Planets studded with diamond mountains and filled with glass cores may be more than a psychedelic dream. A Jupiter-sized planet orbiting another star has a mostly carbon atmosphere, astronomers report online December 8 in Nature. The observation suggests that the rest of the planet may be mostly carbon, too.
The planet, WASP-12b, has an atmosphere containing at least twice as much carbon as scientists expected, an international team of researchers reports. This surprise invites new theories for how planets form, says astrophysicist Nikku Madhusudhan, a Princeton University astrophysicist who participated in the research while at MIT.
WASP-12b and its mother star, WASP-12, are 1,200 light-years from Earth. The planet is the size of Jupiter but at 2,500 kelvins, much hotter. Its orbit is only about one-fiftieth as far from its star as the Earth’s distance from the sun.
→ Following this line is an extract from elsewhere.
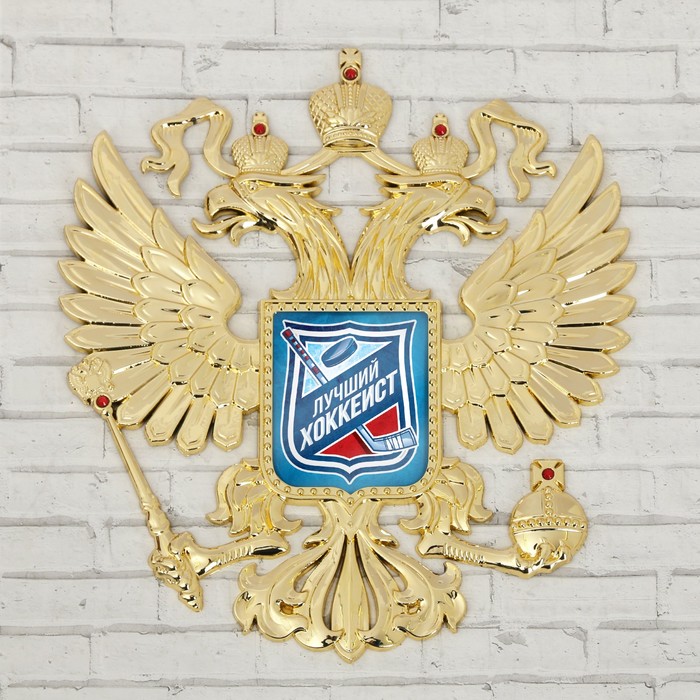 

Герб настенный «Лучший хоккеист», 25 х 22.5 см, Профессии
Using the Spitzer Space Telescope, Madhusudhan and colleagues recorded the infrared light from WASP-12b as the planet sneaks around its star. When the planet is in front of the star, the telescope records light from both the star and the planet’s atmosphere. When the planet is fully hidden behind the star, only the star’s light is recorded. Subtracting one measure from the other gives the light coming from just the planet.
Madhusudhan and colleagues compared their results to data simulated for millions of computer-generated planets with different molecules and temperatures in the atmosphere. The team found that a hot planet with at least as much carbon as oxygen fit the data best. In WASP-12b’s atmosphere, the carbon is found in the form of carbon monoxide, methane and carbon dioxide.
The existence of carbon planets has been proposed in the past, though how such a planet would form is still a mystery. Planets and their stars are thought to form from the same cloud of dust and gas at the same time, so astronomers have assumed in models that the atmospheres of giant planets would have compositions similar to the stars nearby. But WASP-12b has at least twice as much carbon in its atmosphere than the star it orbits — a mystery models can’t explain.
On lightweight planets like Earth, gases like hydrogen and helium escape the planet’s gravity, so the atmospheric chemistry doesn’t reflect the star’s composition. While such rocky planets are forming, if there is less available carbon than oxygen, the planet will be dominated by silicates, like the Earth.
But once carbon and oxygen are roughly equal, the rules of planet formation change.
“When the relative amount of carbon gets that high, it’s as though you flip a switch, and everything changes. Everything would be different — like imagine, one day you’re a Yankees fan, the next day, Red Sox,” says Marc J. Kuchner of NASA’s Goddard Space Flight Center in Greenbelt, Md.
Though a giant carbon planet would be predominantly gas, a rocky, carbon-based body the size of Neptune — about 17 Earth masses — would probably have landscapes of diamond and graphite, says Kuchner.
Life on a carbon planet would look different too. Humans eat carbon and breathe oxygen on Earth, but that would be switched on a carbon planet, says Kuchner.
“You would probably eat rust and combine it with the air on this strange planet, which might be mostly carbon compounds,” says Kuchner.
More carbon planets probably exist, says Kuchner, and Jupiter may be one of them. Its carbon to oxygen ratio has been difficult to measure. When NASA’s Galileo probe visited Jupiter in the 1990s, it measured the atmosphere’s carbon-to-oxygen ratio as greater than one.
“Nobody believed it,” says Kuchner.
No model can yet explain how carbon planets form. They may be born in planetary disks with relatively high amounts of carbon, says Kuchner. The disk surrounding the star Beta Pictoris, 63 light-years away, for example, has 18 times as much carbon as the sun.